Are ChatGPT and GPT-4 General-Purpose Solvers for Financial Text
Analytics? A Study on Several Typical Tasks
- URL: http://arxiv.org/abs/2305.05862v2
- Date: Tue, 10 Oct 2023 18:54:43 GMT
- Title: Are ChatGPT and GPT-4 General-Purpose Solvers for Financial Text
Analytics? A Study on Several Typical Tasks
- Authors: Xianzhi Li, Samuel Chan, Xiaodan Zhu, Yulong Pei, Zhiqiang Ma, Xiaomo
Liu and Sameena Shah
- Abstract summary: Large language models such as ChatGPT and GPT-4 have shown exceptional capabilities of generalist models.
How effective are such models in the financial domain?
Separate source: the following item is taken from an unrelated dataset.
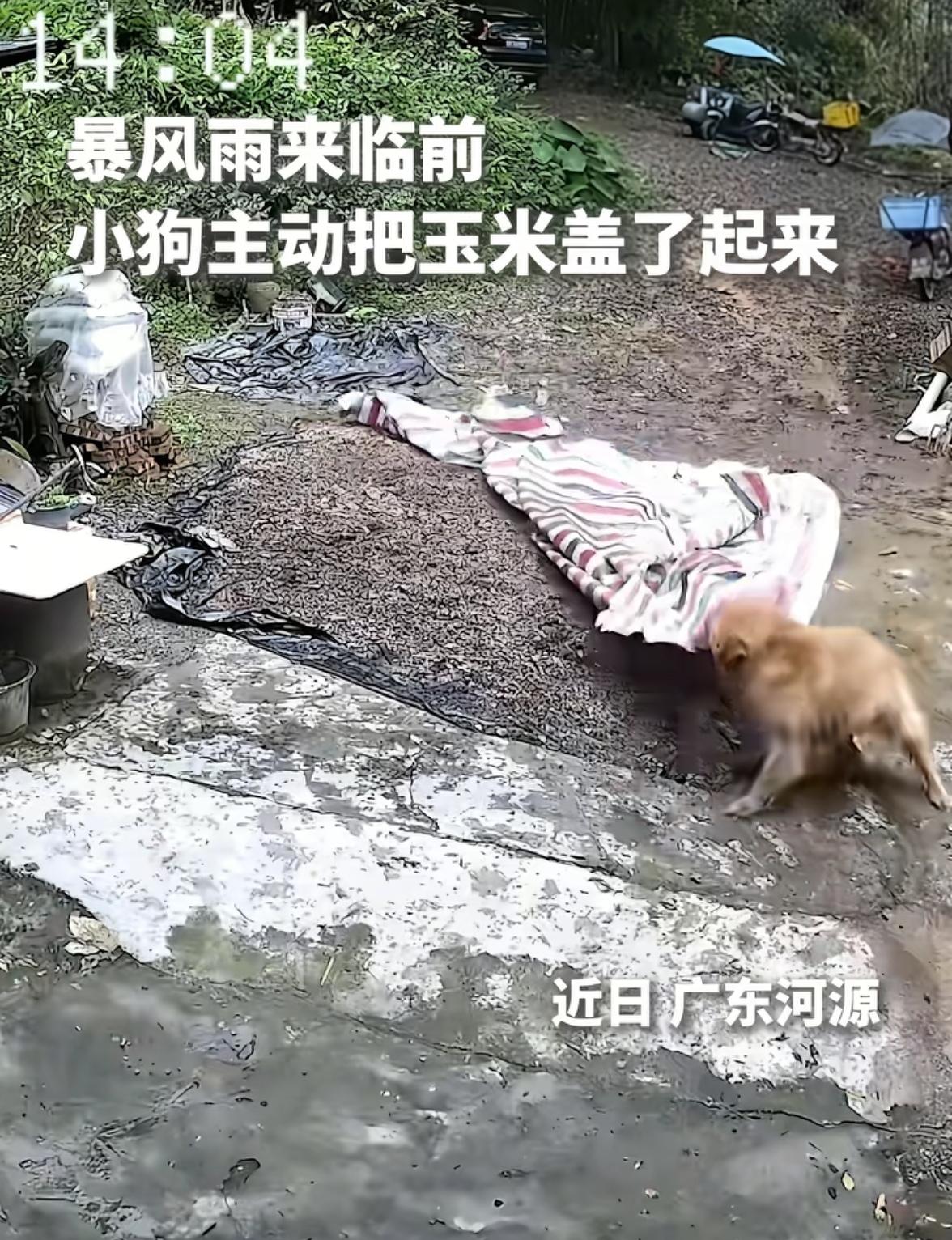天啊这小狗居然上人民日报了这毛孩子🐶也太聪明了吧。广东河源，主人晒完玉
- Score: 36.84636748560657
- License: http://arxiv.org/licenses/nonexclusive-distrib/1.0/
- Abstract: The most recent large language models(LLMs) such as ChatGPT and GPT-4 have
shown exceptional capabilities of generalist models, achieving state-of-the-art
performance on a wide range of NLP tasks with little or no adaptation. How
effective are such models in the financial domain? Understanding this basic
question would have a significant impact on many downstream financial
analytical tasks. In this paper, we conduct an empirical study and provide
experimental evidences of their performance on a wide variety of financial text
analytical problems, using eight benchmark datasets from five categories of
tasks. We report both the strengths and limitations of the current models by
comparing them to the state-of-the-art fine-tuned approaches and the recently
released domain-specific pretrained models. We hope our study can help
understand the capability of the existing models in the financial domain and
facilitate further improvements.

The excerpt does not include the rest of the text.